== Data under study

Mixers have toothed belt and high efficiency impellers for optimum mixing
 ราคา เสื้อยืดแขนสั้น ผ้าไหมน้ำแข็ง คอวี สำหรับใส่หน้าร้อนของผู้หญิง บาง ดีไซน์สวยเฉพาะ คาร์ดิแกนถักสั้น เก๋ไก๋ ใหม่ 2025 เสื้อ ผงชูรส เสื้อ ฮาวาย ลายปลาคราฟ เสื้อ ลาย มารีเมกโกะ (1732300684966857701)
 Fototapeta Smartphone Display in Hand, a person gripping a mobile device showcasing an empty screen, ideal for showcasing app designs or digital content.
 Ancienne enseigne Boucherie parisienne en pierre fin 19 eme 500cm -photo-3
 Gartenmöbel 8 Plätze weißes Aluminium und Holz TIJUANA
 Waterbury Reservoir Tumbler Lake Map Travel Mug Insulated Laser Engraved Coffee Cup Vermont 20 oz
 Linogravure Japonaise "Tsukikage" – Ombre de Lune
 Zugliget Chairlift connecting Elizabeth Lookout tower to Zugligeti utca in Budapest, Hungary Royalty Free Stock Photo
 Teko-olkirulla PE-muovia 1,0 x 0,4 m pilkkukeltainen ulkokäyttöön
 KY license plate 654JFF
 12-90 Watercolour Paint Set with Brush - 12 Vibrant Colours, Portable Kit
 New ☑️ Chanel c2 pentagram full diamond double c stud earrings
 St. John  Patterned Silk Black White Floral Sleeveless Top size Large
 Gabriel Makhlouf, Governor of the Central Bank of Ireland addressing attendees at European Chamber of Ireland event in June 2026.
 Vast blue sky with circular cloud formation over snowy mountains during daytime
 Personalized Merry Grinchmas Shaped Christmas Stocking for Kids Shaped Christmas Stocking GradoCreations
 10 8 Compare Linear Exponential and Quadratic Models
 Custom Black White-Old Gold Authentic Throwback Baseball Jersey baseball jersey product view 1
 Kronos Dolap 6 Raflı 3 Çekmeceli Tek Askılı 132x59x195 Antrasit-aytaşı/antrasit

====

What to work on: Make a copy of each line in the records that has the word "with".

Answer to this problem:
 12-90 Watercolour Paint Set with Brush - 12 Vibrant Colours, Portable Kit
 Vast blue sky with circular cloud formation over snowy mountains during daytime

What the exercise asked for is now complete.